A few days ago over at The Health Care Blog, Robert Laszewski posted a list of Sarah Palin’s health care priorities while serving  as governor of Alaska. Number one on her list was the repeal of certificate of need (CON) laws in the state. Such laws give state planning agencies the final say in approving the construction and development of a new hospital, nursing home, or medical service center. Simply put, in the 36 states currently regulated under CON laws, nobody can build a hospital or introduce a new hi-tech device such as magnetic resonance imaging (MRI) scanners without first getting government approval.
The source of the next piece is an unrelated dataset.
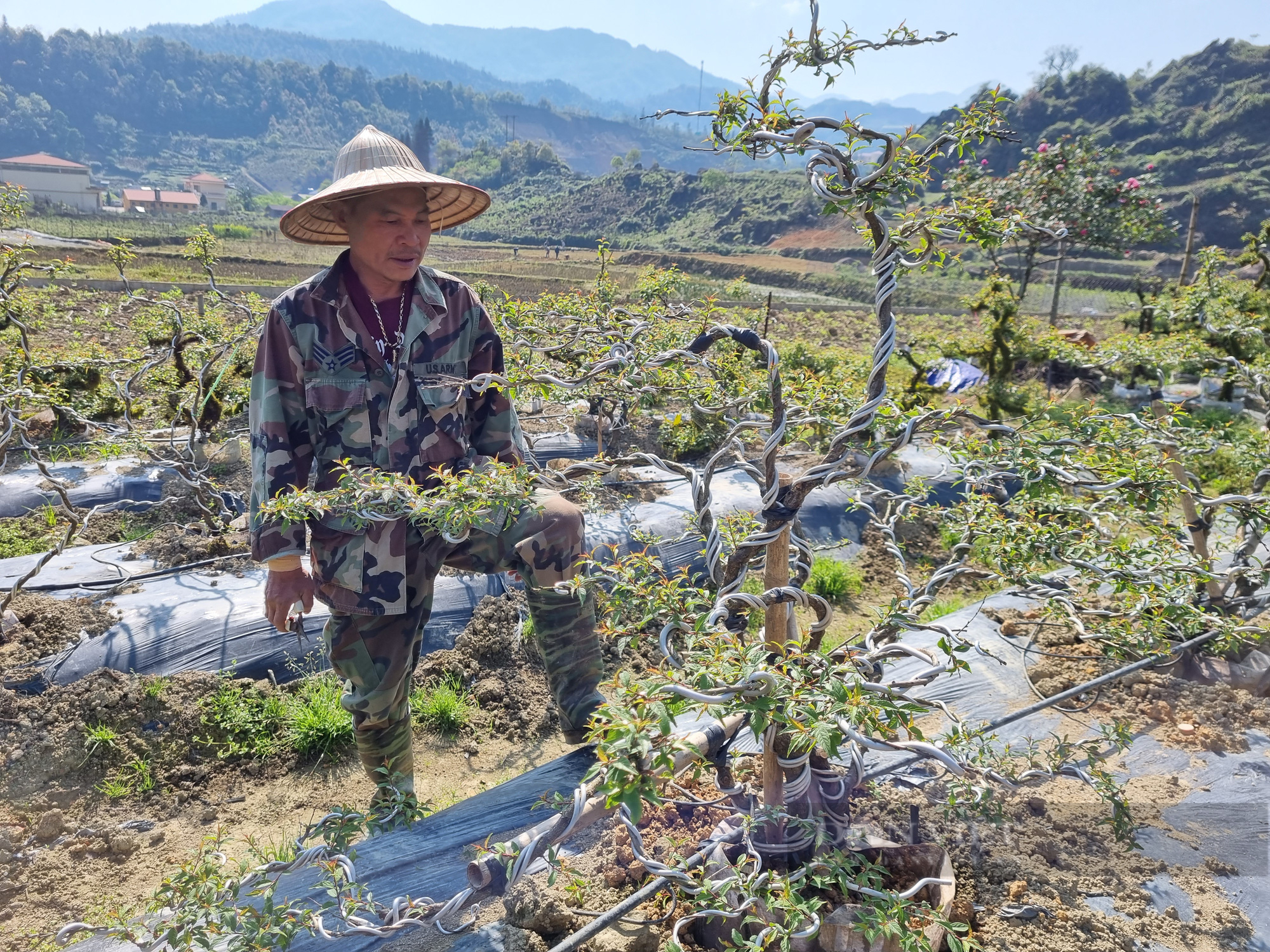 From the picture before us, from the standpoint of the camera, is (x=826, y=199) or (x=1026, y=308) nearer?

This approval is based on “need” and “quality assurance.” Basically, the planning board asks whether a given community could benefit from a service or facility and if those services can be delivered effectively over time. In theory, the main goal of such a vetting of facilities is to reduce health care costs: by regulating the supply of health care in a given region, CON regulations are meant to limit the proliferation of expensive, medically unnecessary services. 

On paper, CON regulations sound exactly like the sort of policy that we at Health Beat have been advocating for a while now: one that realizes an all-you-can-eat buffet of health care options drives up costs without improving quality. Yet CON regulations haven’t been as successful as supporters hoped—not just by the ideological standards of free-marketeers, but also in terms of empirical impact. Why is this so?